Point guard Jameer Nelson is aging, leaving the point guard position up for grabs on the Orlando Magic.
Usually, when a team has the No. 2 overall pick in the draft of any sport, it means they probably didn't do very well the previous season.
After finishing with a 20-62 record, the Magic are at the bottom of the league and must use the draft and free agency this offseason to improve their roster if they hope to rebuild to get back to the team they once were.
As head coach Jacque Vaughn begins his second season in Orlando, he'll need a lot of help on the personnel side of things, especially considering it finished 24th in the league in points per game and 24th in the league in points allowed per game.
Now, the Magic are looking to rebuild, and they need to start with these three positions.
When Andrew Nicholson is starting at power forward for your team, you have a serious problem.
Nicholson is entering his sophomore season in Orlando and started 28 games with the Magic, taking over the starting spot after Glen Davis broke his foot in January.
Prior to that injury, Davis was the everyday starter at power forward for the Magic.
Davis was far more effective than Nicholson, averaging 15 points and seven rebounds per game. However, Davis missed a number of games this year due to injury and will be turning 28 midway through next season.
Also, prior to this year, Davis never averaged more than 11 points or five rebounds per game, leaving his ability to keep up his numbers from this year in question.
Heading into the 2013-14 season, Davis should definitely be considered the starter, but the Magic really need to consider picking up a backup or a younger power forward to play behind Davis in the event he gets injured again or his age starts to show and his numbers decline from this season.
Nicholson is a fine bench player, but should he need to fill in again the Magic would much rather have someone else in the starting role rather than Nicholson. Orlando certainly doesn't have too much cap room, but they could draft power forward Anthony Bennett in the draft.
Having a younger player, with more upside than Nicholson, play behind Davis would greatly help the Magic in the rebuilding process. It is much easier to rebuild with someone like Bennett, who is only 20, versus starting Davis every day.
While center certainly isn't the most pressing need for the Magic, having just Nikola Vucevic isn't going to be enough.
Vucevic is certainly a solid defensive player, leading the team in blocks with one per game and rebounds with 11 per game.
The 22-year-old Swiss player was also very consistent, starting 77 games and averaging 13 points per game.
However, the only person who could play center behind Vucevic is Kyle O'Quinn, who only played in 11 minutes per game and averaged only four points per game this season.
This would be more of a free-agent acquisition, but Orlando really needs a backup center.
Vucevic has only played two seasons in the NBA, so there's not really a track record for how he'll play next season.
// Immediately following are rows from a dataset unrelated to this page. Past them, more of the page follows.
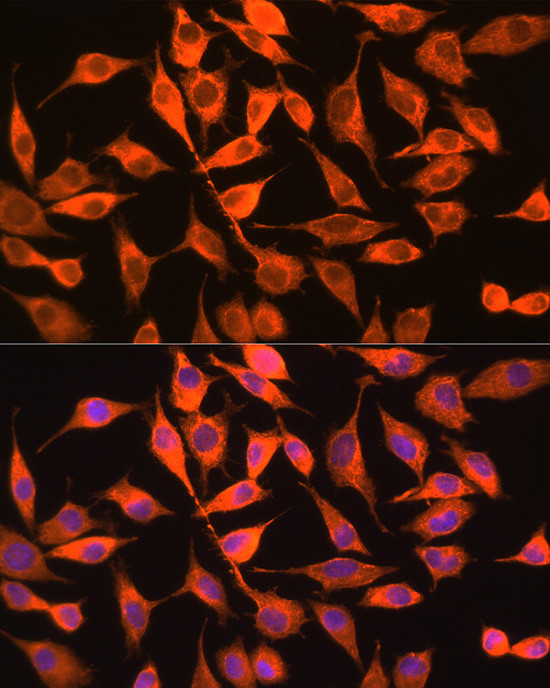 PITPN Antibody in Immunocytochemistry (ICC/IF)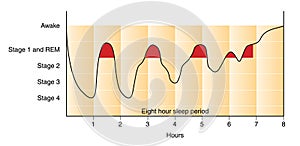 Sleep graph photo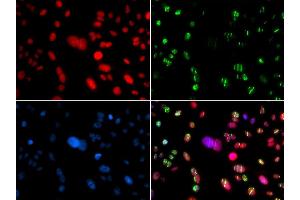 Immunofluorescence analysis of GFP-RNF168 transgenic U2OS cells using RAG2 antibody. (RAG2 antibody  (AA 258-527))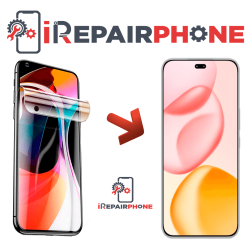 Protector de Pantalla Hidrogel HONOR 400 Pro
If he were to go down with injury or decline from this year, there wouldn't be anyone except Davis, who would be playing power forward, who could fill in at center.
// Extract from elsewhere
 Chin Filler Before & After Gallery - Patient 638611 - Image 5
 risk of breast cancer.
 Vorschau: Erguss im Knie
Certainly no one area needs to be improved more than Orlando's point guard position.
The Magic made a solid attempt to improve that position midway through the season when they traded J.J. Reddick and others to the Milwaukee Bucks in exchange for Beno Udrih, who started at point guard toward the end of the season.
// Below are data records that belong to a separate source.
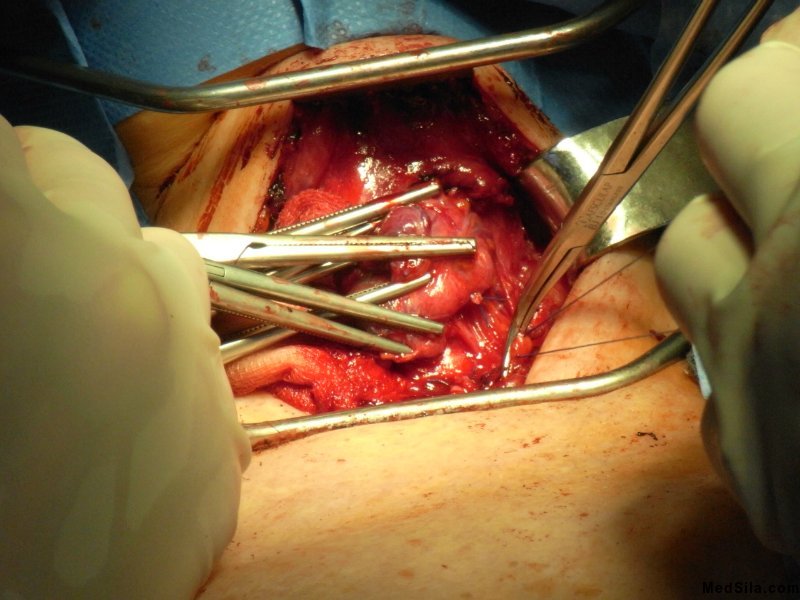 Тиреоидэктомия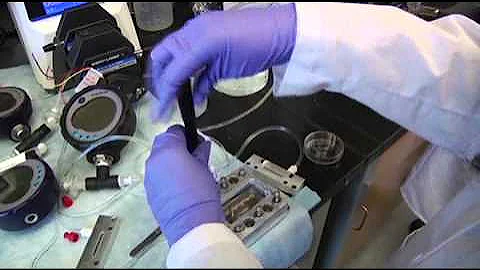 Dialysis Patients Hopeful for Artificial Kidney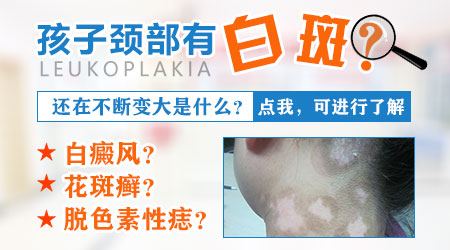 宝宝脖子上ZUI近长了一小块白斑面积在增大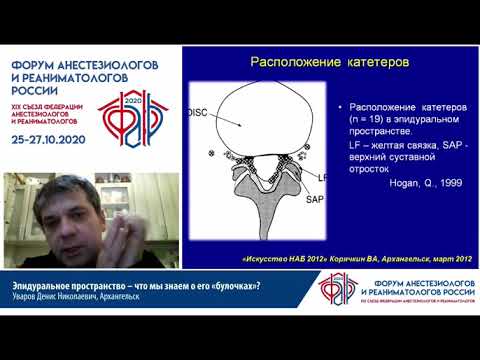 Видео: Эпидуральное пространство - что мы знаем о его «булочках»? Уваров Д. Н.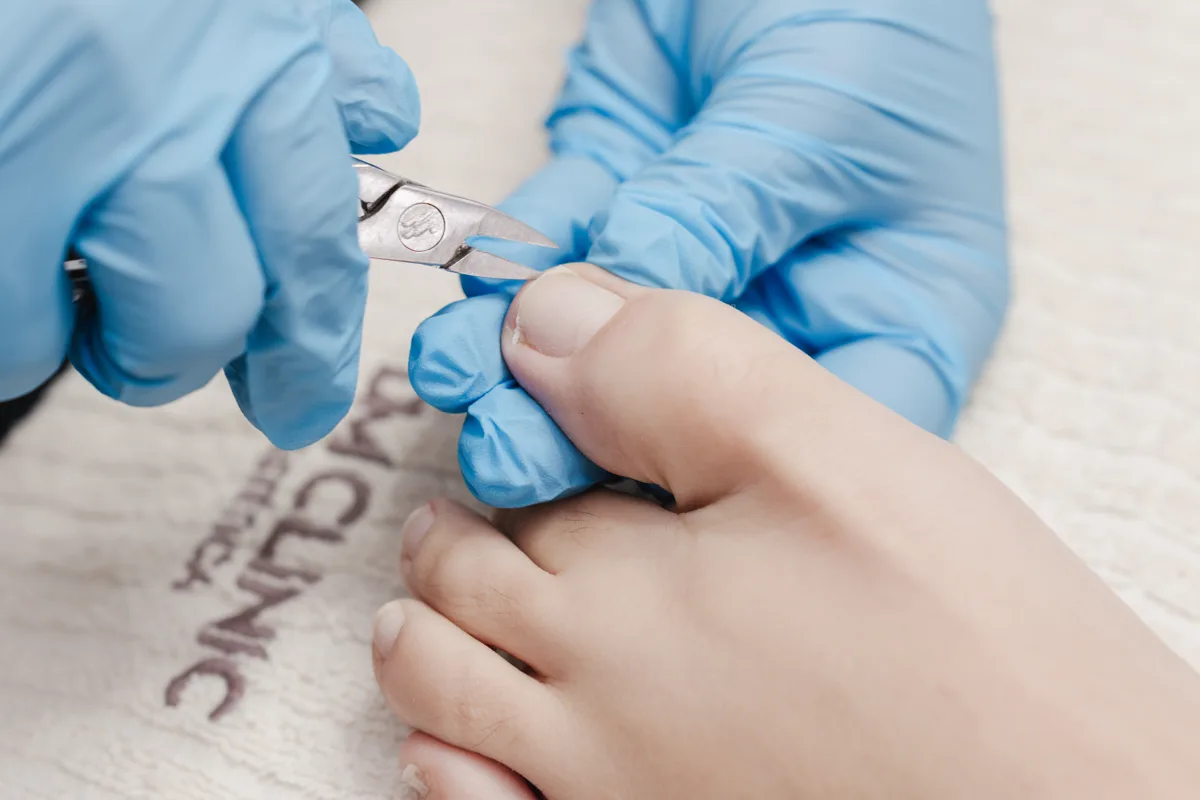 TÉCNICAS DE PODOLOGIA na DM Clinic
Udrih didn't do much to qualify himself as a bona fide starting point guard, averaging only 10 points and six assists per game. Other than Udrih at point guard, the Magic also have the 31-year-old Jameer Nelson, who is still currently under contract for $8.6 million
Although Nelson averaged 14 points and seven assists, he only shot 39 percent from the floor, and he obviously isn't going to be getting any younger.
With the No. 2 pick, the Magic may want to consider taking point guard Trey Burke out of Michigan.
Burke would bring a huge offensive presence to Orlando, averaging 18.6 points per game in his sophomore year with the Wolverines.
Almost every offense in the NBA runs through the point guard, and Udrih would make a great backup, but Burke would bring star power back to Orlando that it lost when Howard left.